Black Democrats Say It’s the Economy, Still
“When we’re talking about working Americans, rebuilding the backbone of the country, we’re talking about black folks, brown folks, women, Asia-Pacific islanders,” said Symone Sanders, a senior adviser to the Biden campaign. “We want to make clear that when we say the middle class is hurting, voters understand that’s a middle class that represents everyone.”
But Alicia Garza, a prominent black activist, said that even when candidates talked about economic issues, they tended not to acknowledge the particular challenges facing African-Americans and other groups. Criminal justice reform, for example, is an economic issue for both incarcerated people and their families, she said, but it is rarely framed that way. The cost of college hits black families harder because they earn less on average and have less accumulated wealth.

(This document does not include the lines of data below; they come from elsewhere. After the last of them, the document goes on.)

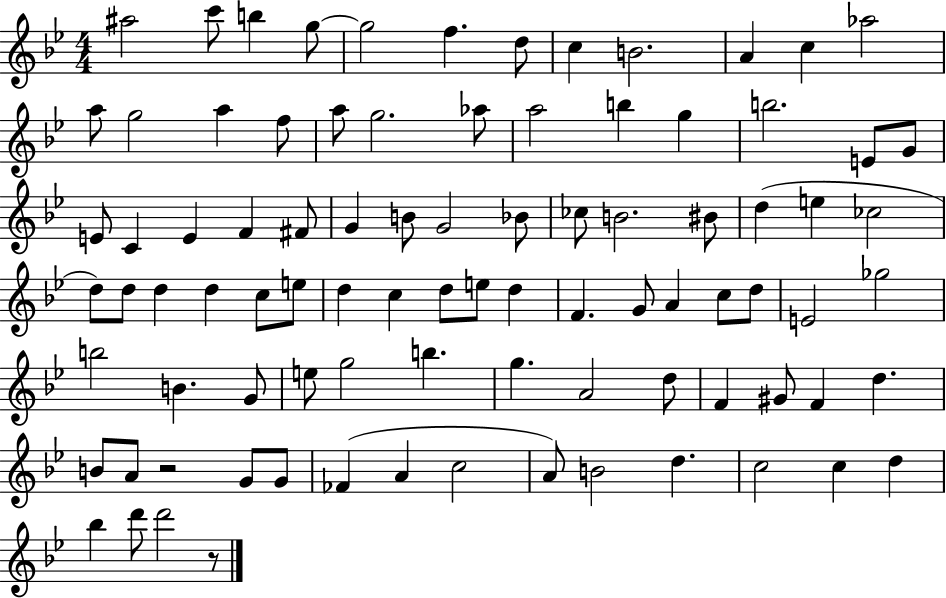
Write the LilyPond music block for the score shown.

{
  \clef treble
  \numericTimeSignature
  \time 4/4
  \key bes \major
  ais''2 c'''8 b''4 g''8~~ | g''2 f''4. d''8 | c''4 b'2. | a'4 c''4 aes''2 | \break a''8 g''2 a''4 f''8 | a''8 g''2. aes''8 | a''2 b''4 g''4 | b''2. e'8 g'8 | \break e'8 c'4 e'4 f'4 fis'8 | g'4 b'8 g'2 bes'8 | ces''8 b'2. bis'8 | d''4( e''4 ces''2 | \break d''8) d''8 d''4 d''4 c''8 e''8 | d''4 c''4 d''8 e''8 d''4 | f'4. g'8 a'4 c''8 d''8 | e'2 ges''2 | \break b''2 b'4. g'8 | e''8 g''2 b''4. | g''4. a'2 d''8 | f'4 gis'8 f'4 d''4. | \break b'8 a'8 r2 g'8 g'8 | fes'4( a'4 c''2 | a'8) b'2 d''4. | c''2 c''4 d''4 | \break bes''4 d'''8 d'''2 r8 | \bar "|."
} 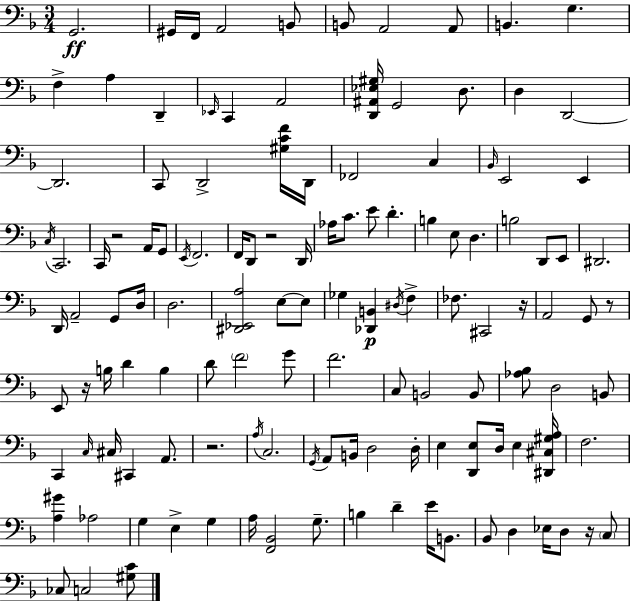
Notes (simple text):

G2/h. G#2/s F2/s A2/h B2/e B2/e A2/h A2/e B2/q. G3/q. F3/q A3/q D2/q Eb2/s C2/q A2/h [D2,A#2,Eb3,G#3]/s G2/h D3/e. D3/q D2/h D2/h. C2/e D2/h [G#3,C4,F4]/s D2/s FES2/h C3/q Bb2/s E2/h E2/q C3/s C2/h. C2/s R/h A2/s G2/e E2/s F2/h. F2/s D2/e R/h D2/s Ab3/s C4/e. E4/e D4/q. B3/q E3/e D3/q. B3/h D2/e E2/e D#2/h. D2/s A2/h G2/e D3/s D3/h. [D#2,Eb2,A3]/h E3/e E3/e Gb3/q [Db2,B2]/q D#3/s F3/q FES3/e. C#2/h R/s A2/h G2/e R/e E2/e R/s B3/s D4/q B3/q D4/e F4/h G4/e F4/h. C3/e B2/h B2/e [Ab3,Bb3]/e D3/h B2/e C2/q C3/s C#3/s C#2/q A2/e. R/h. A3/s C3/h. G2/s A2/e B2/s D3/h D3/s E3/q [D2,E3]/e D3/s E3/q [D#2,C#3,G#3,A3]/s F3/h. [A3,G#4]/q Ab3/h G3/q E3/q G3/q A3/s [F2,Bb2]/h G3/e. B3/q D4/q E4/s B2/e. Bb2/e D3/q Eb3/s D3/e R/s C3/e CES3/e C3/h [G#3,C4]/e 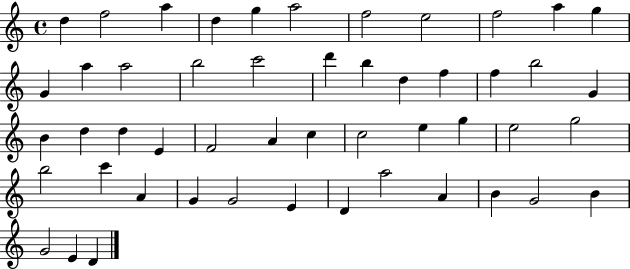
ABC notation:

X:1
T:Untitled
M:4/4
L:1/4
K:C
d f2 a d g a2 f2 e2 f2 a g G a a2 b2 c'2 d' b d f f b2 G B d d E F2 A c c2 e g e2 g2 b2 c' A G G2 E D a2 A B G2 B G2 E D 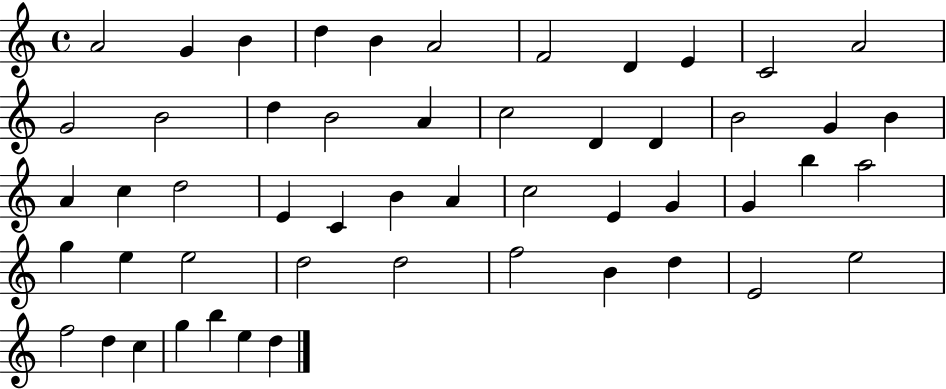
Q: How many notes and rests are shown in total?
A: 52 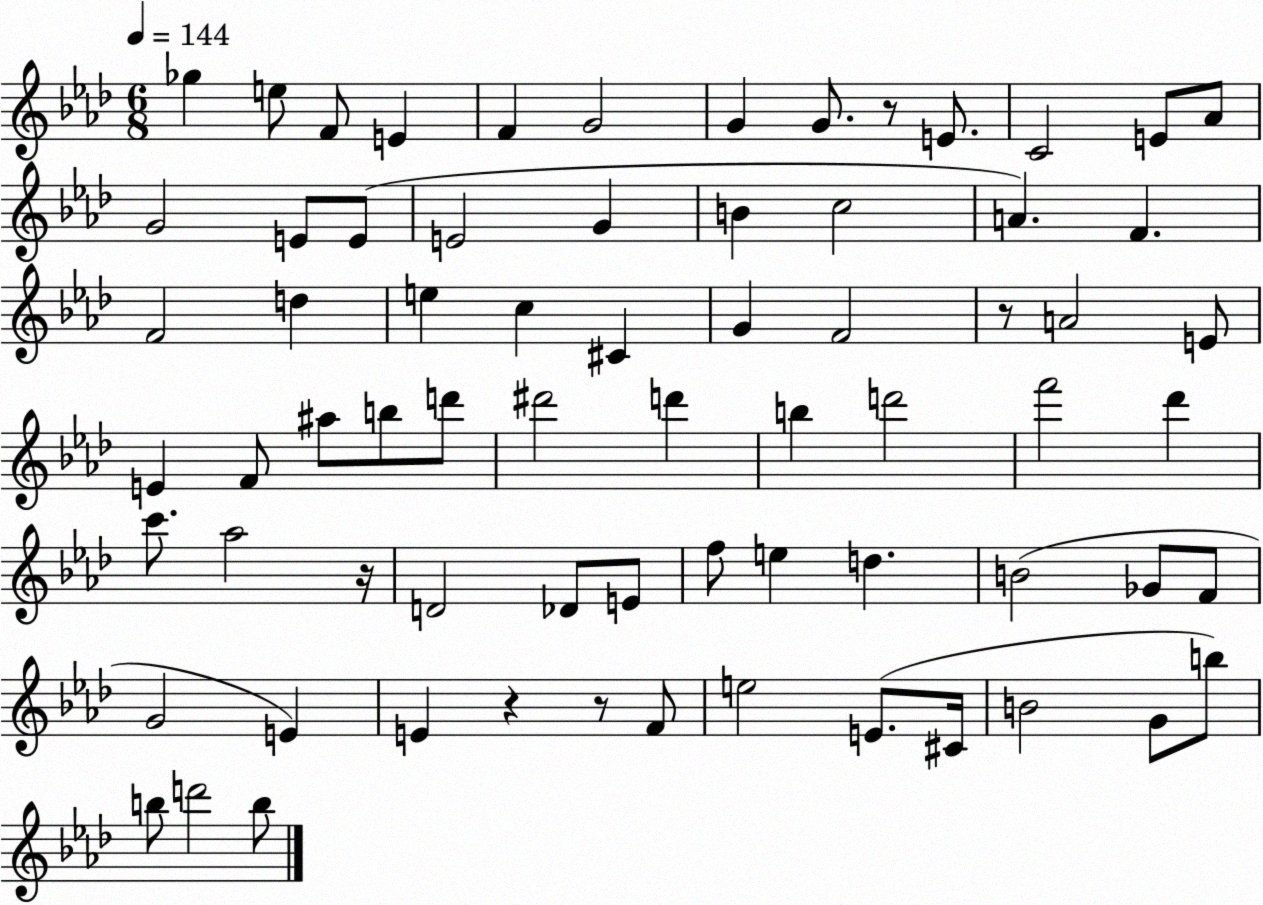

“The disconnect between black voters and candidates who are talking about economic issues is that they often talk abut them in a race-neutral way,” Ms. Garza said. “Black communities differ when we talk about economic issues because there are these added barriers.”
Ms. Garza’s organization, the Black Futures Lab, recently ran a survey of more than 31,000 black people across the country. Eight-five percent of the respondents cited “low wages that are not enough to sustain a family” as a major problem, and 76 percent said the same about a lack of affordable housing. And while most respondents identified as Democrats, many were dissatisfied with the party: One in five people in the survey expressed an unfavorable view of the party.
“We’re waiting throughout the entire campaign season for some candidate to just hit the right note, and it’s so rare that they do,” Ms. Garza said.
President Trump has often claimed that his economic policies are benefiting African-Americans, and he proclaimed on Twitter and at campaign rallies last year that the black unemployment rate had hit its lowest level on record. The rate has risen since then, however, to 6.7 percent in April from a low of 5.9 percent in May last year.
The unemployment rate for black Americans is more than double the white unemployment rate, which was 3.1 percent in April — down from 3.5 percent in April 2018. Since the recession, wages have risen more slowly for black workers than for workers of other races.